Problem to solve: Of the lines listed below, return exactly those that run from the line containing "48 and 52 Integrated" through the line containing "Tommy Hilfiger Erkek", both included.

Information provided:
━━━━━━━━━━━━━━━━━━━━━━━━━━━━━━

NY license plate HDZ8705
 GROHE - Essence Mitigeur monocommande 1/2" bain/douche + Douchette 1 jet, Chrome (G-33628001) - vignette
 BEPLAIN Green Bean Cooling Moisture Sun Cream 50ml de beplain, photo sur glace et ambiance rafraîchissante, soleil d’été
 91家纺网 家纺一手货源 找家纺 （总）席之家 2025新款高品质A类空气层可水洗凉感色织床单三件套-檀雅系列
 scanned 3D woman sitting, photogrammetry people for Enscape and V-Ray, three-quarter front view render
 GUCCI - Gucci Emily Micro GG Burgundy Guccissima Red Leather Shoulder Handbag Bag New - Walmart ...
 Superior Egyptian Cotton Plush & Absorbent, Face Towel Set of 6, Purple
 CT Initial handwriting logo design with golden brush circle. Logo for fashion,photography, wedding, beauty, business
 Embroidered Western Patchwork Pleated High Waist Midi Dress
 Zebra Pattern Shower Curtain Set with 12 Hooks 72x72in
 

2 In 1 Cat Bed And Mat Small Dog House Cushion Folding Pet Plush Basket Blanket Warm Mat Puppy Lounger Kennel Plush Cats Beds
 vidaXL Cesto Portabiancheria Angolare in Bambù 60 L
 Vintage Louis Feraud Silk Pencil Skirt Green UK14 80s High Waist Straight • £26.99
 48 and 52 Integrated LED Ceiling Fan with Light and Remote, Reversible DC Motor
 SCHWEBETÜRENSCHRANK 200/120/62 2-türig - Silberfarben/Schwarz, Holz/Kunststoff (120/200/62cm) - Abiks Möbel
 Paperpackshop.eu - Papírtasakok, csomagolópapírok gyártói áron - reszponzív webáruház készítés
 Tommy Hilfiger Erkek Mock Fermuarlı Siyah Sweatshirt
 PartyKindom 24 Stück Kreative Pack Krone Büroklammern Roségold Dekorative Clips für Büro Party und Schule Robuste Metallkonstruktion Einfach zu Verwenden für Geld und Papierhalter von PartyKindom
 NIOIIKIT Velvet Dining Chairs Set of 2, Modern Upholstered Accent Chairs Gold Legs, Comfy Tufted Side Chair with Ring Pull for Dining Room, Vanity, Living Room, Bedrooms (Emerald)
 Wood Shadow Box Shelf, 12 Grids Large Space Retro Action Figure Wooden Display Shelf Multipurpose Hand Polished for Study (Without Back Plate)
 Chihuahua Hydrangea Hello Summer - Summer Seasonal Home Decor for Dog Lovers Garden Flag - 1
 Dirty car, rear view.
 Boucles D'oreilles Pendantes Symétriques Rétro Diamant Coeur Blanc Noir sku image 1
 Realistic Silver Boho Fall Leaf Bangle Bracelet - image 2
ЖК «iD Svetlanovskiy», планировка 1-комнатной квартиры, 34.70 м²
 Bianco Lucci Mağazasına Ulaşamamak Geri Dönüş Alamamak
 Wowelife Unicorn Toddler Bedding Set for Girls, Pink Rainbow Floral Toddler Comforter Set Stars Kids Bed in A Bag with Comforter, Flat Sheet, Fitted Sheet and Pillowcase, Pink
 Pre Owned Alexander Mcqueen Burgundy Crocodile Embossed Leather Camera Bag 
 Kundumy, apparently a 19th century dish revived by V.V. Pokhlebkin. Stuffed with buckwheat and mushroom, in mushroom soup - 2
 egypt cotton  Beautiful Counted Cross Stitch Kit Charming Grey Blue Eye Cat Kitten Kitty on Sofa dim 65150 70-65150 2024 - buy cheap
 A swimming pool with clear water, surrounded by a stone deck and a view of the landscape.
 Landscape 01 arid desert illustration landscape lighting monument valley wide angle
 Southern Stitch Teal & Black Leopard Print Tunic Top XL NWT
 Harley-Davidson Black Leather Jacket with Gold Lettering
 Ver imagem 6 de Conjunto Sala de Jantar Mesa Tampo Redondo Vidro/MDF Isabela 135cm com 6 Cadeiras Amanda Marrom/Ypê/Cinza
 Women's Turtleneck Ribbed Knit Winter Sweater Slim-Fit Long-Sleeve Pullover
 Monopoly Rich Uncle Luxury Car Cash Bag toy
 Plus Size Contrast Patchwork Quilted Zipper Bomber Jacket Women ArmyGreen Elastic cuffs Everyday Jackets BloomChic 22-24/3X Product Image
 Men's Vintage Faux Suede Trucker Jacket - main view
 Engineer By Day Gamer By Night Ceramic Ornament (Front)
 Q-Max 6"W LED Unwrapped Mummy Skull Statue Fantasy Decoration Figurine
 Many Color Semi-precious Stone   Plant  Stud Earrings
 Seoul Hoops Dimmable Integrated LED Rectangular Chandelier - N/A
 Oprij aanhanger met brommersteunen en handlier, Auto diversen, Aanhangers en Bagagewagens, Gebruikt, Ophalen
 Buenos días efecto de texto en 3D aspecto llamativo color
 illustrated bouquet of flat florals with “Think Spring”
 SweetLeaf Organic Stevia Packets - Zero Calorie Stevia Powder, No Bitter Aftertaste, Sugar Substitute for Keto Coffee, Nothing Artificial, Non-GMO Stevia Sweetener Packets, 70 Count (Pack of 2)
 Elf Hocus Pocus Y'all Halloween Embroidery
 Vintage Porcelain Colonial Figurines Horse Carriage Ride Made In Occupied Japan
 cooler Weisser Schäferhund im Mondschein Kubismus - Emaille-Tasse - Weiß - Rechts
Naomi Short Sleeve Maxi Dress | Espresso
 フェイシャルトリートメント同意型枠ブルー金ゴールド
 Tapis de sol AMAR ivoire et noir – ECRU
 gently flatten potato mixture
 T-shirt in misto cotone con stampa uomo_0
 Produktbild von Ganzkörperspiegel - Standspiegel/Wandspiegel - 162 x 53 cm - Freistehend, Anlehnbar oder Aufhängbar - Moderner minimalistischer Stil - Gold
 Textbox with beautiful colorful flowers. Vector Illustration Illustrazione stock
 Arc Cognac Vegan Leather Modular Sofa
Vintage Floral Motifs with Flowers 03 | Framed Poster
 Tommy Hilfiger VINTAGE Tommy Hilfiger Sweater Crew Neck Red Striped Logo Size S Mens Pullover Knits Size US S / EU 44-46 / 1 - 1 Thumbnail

━━━━━━━━━━━━━━━━━━━━━━━━━━━━━━

Solution to this problem:
 48 and 52 Integrated LED Ceiling Fan with Light and Remote, Reversible DC Motor
 SCHWEBETÜRENSCHRANK 200/120/62 2-türig - Silberfarben/Schwarz, Holz/Kunststoff (120/200/62cm) - Abiks Möbel
 Paperpackshop.eu - Papírtasakok, csomagolópapírok gyártói áron - reszponzív webáruház készítés
 Tommy Hilfiger Erkek Mock Fermuarlı Siyah Sweatshirt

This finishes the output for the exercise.